CJ stopped Mush & Shaukat from billion $ fraud

Really, so Shortcut never purchased a subsidized farmhouse by illegal means? The chaudhries were angels who never took out the loans, is that what you are trying to say? Who do you want to provide proof', Dogar? haha

Dear Brother,

The Graveyard business will be booming soon, I’ve heard that people in Karachi buy their grave at certain rates. ( i dont know if it is true or not) but if true then it can be considered as business.
As per my information, A body decompeses in 6-9 months, ( can be more or less) means a grave can be sold to severals after certain time period. Moreover, if we can have one or two TOMBS in the grave yard, there URS will be iceing on the cake… so u see there is money generation in this business as well, nonetheless, Commercail shops, selling petals, AGR-BATI and grave related items will be additional and regualr income.

Now if i say, who on earth will compare Steel Mill to some thing like graveyard? it is like comparing apples with oranges, one who are in business never do such mistakes and one who does it, never stays in business.

Due to certain obligation i cannot diclose the use of the land govt. allowed, just to give a hint, only the use of land would be enough to have a lucrative returns from the deal.

How do I know? You brought the charges, now bring the proof.

Re: CJ stopped Mush & Shaukat from billion $ fraud

The charges will be back, once the CJ is restored, the proof is there, Shortcut is not a farmer is he, or maybe he was just preparing for the food shortage he bestowed upon us, but then again he ran away from the country so that wouldn't work as an excuse.

Spock bhaijan.
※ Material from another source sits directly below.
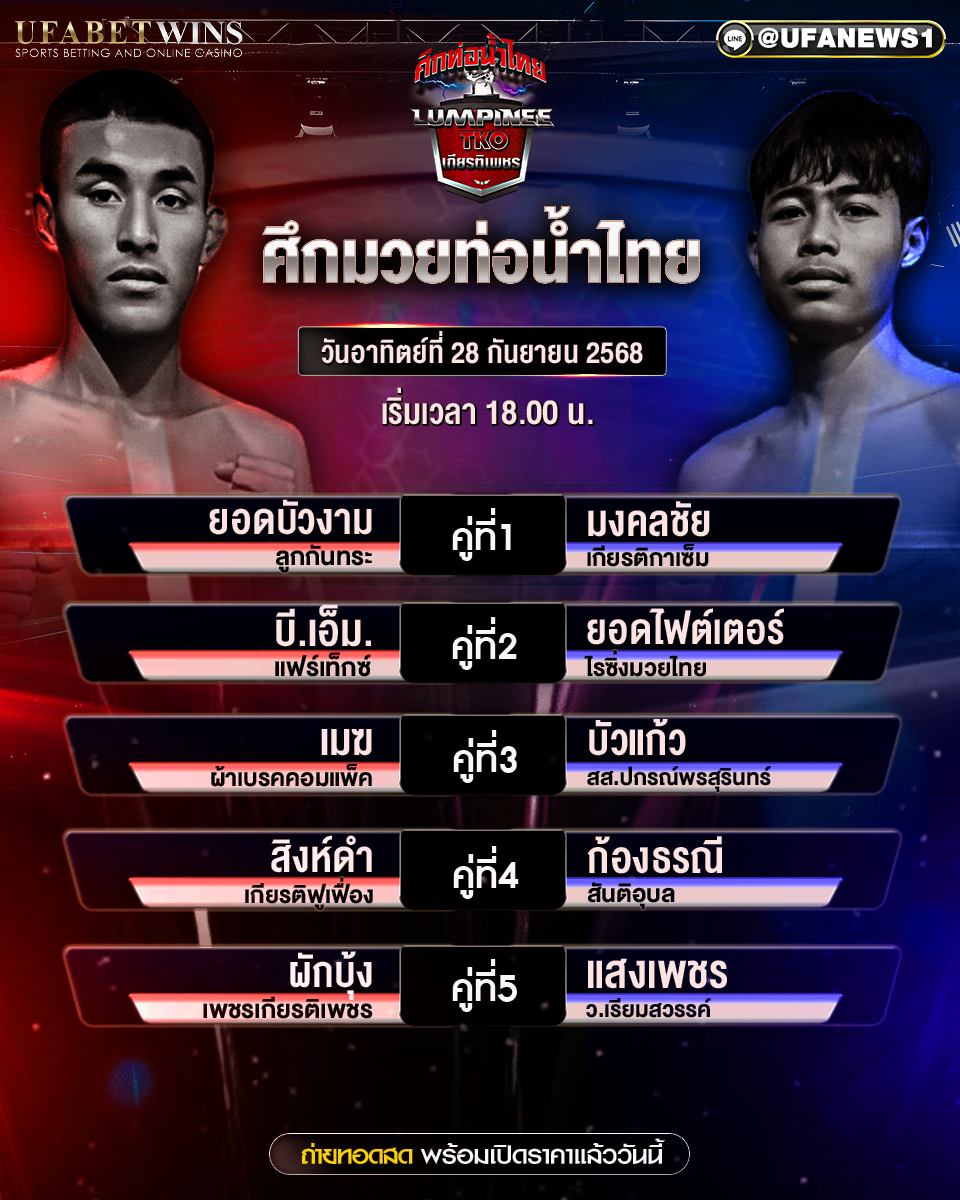 มวยวันนี้ ศึกท่อน้ำไทย TKO เกียรติเพชร 28/09/68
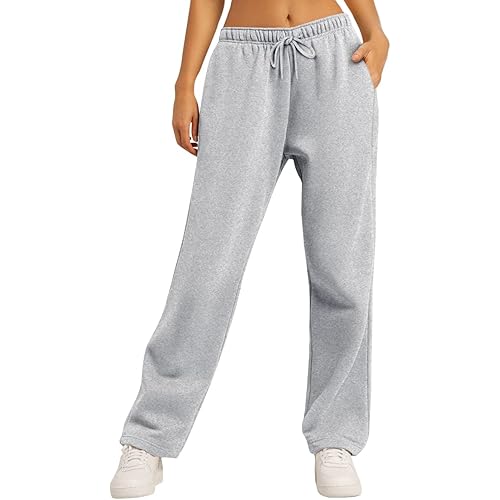AUTOMET Women’s Fleece Lined Sweatpants Baggy Wide Straight Leg Pants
Any ideas when the EX CJ is being restored? The nation cannot wait any longer, and is growing dissatisfied by govt each day? :)

Please ask your najoomi, who predicted the election results for you.
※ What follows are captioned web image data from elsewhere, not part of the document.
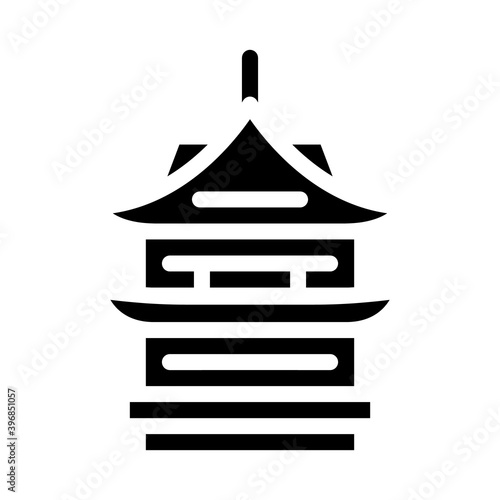 donjon asian building glyph icon vector illustration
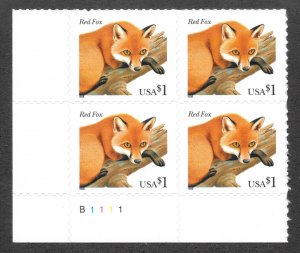 3036a MNH $1 Red Fox, LL Plate Block,  Free Insured Shipping,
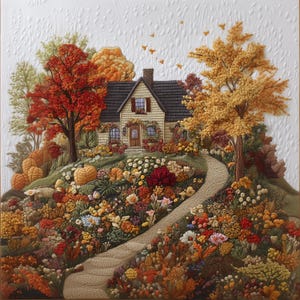Rompecabezas de 252/520 piezas: Arte Cottagecore otoñal con diseño de cabaña acolchada
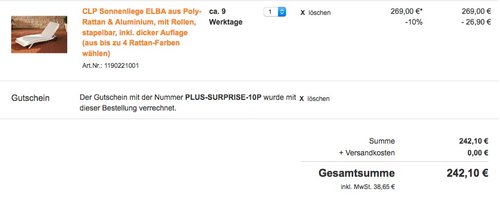 Plus.de Onlineshop 10% Rabatt aus fast alles: CLP Sonnenliege ELBA - jetzt 10% billiger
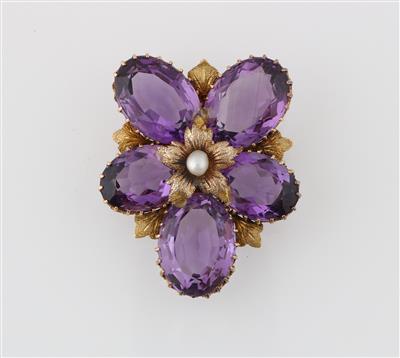 Amethystbrosche Veilchen - Schmuck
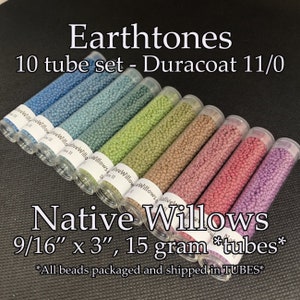 Miyuki Duracoat, Earth-Tones, 11/0 Round Seed Beads Japanese, 3” Tubes X 15 Grams X 10 Colors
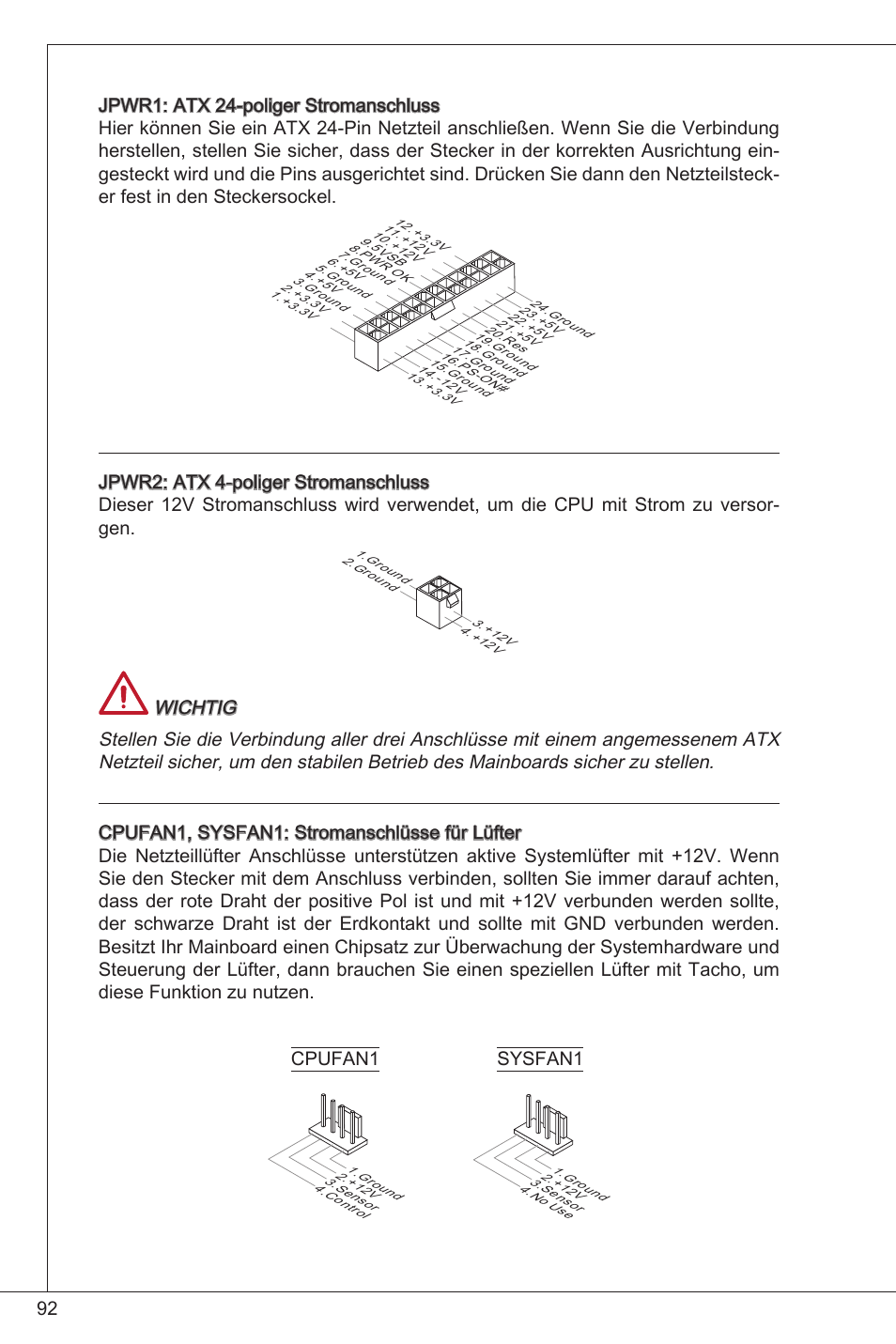 Cpufan, Sysfan | MSI FM2-A55M-E33 User Manual | Page 92 / 204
No case against Zardari has been proven as well, should we stop calling him "corrupt/crook"?

Re: CJ stopped Mush & Shaukat from billion $ fraud

The value of the Pakistan Steel Mills land was not more than Rs. 3,000,000 (three million) per acre in the year 2005.
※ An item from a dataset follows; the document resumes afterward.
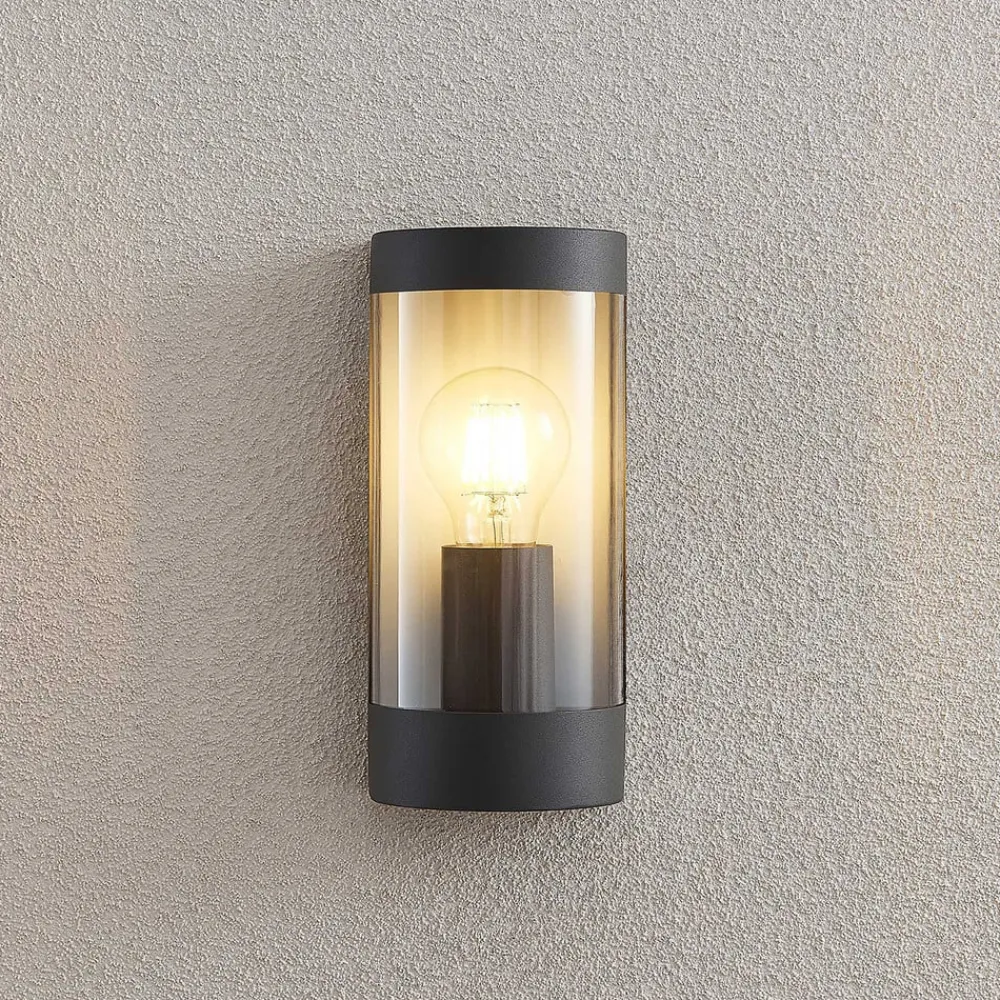 Lindby Terrassebelysning>udendørs væglampe Junias, 24 cm, antracit, stål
Re: CJ stopped Mush & Shaukat from billion $ fraud

Tuwairqi Steel Mills Limited (a company of Al-Tuwairqi Group of Companies, The Kingdom of Saudi Arabia) plan for Karachi

http://www.altuwairqi.com.pk/sfeaturesproject.html

That mean Rs 3 Million X 18,000 acres

Re: CJ stopped Mush & Shaukat from billion $ fraud

Is that really 18,000 acres which streches from the National Highway down to the Arabian Sea or just the land where actual Steel Mills is located?

Now that Altaf Bhai and Musharraf has kissed and made up with Zardari, you wont find him openly criticizing Mr. 10%

Pakistan Steel is located at a distance of 40 km Southeast of Karachi at Bin Qasim in close vicinity to Port Muhammad Bin Qasim. It was found to be an ecologically preferable location, alongside a tidal creek and having a wind direction away from the city of Karachi. Pakistan Steel is spread out over an area of 18,660 acres (about 29 square miles (75 km²)) including 10,390 acres (42 km²) for the main plant, 8,070 acres (33 km²) for the township and 200 acres (0.8 km²) for the 110 MG water reservoir. In addition it has leasehold rights over an area of 7,520 acres (30 km²) for the quarries of limestone and dolomite in the Makli and Jhimpir areas of Thatta district.

Re: CJ stopped Mush & Shaukat from billion $ fraud

29 square miles mean it inludes all the areas from the main entrance towards the end on the southern side. It inludes a lot of land which have been given to private companies such as Pak Suzuki. Our own company bought 24 acres land from Pakistan Steel in March 2005 at a cost of Rs. 2.6 m per acres.

The actual steel mills then have some 5,000 acres of land, I think.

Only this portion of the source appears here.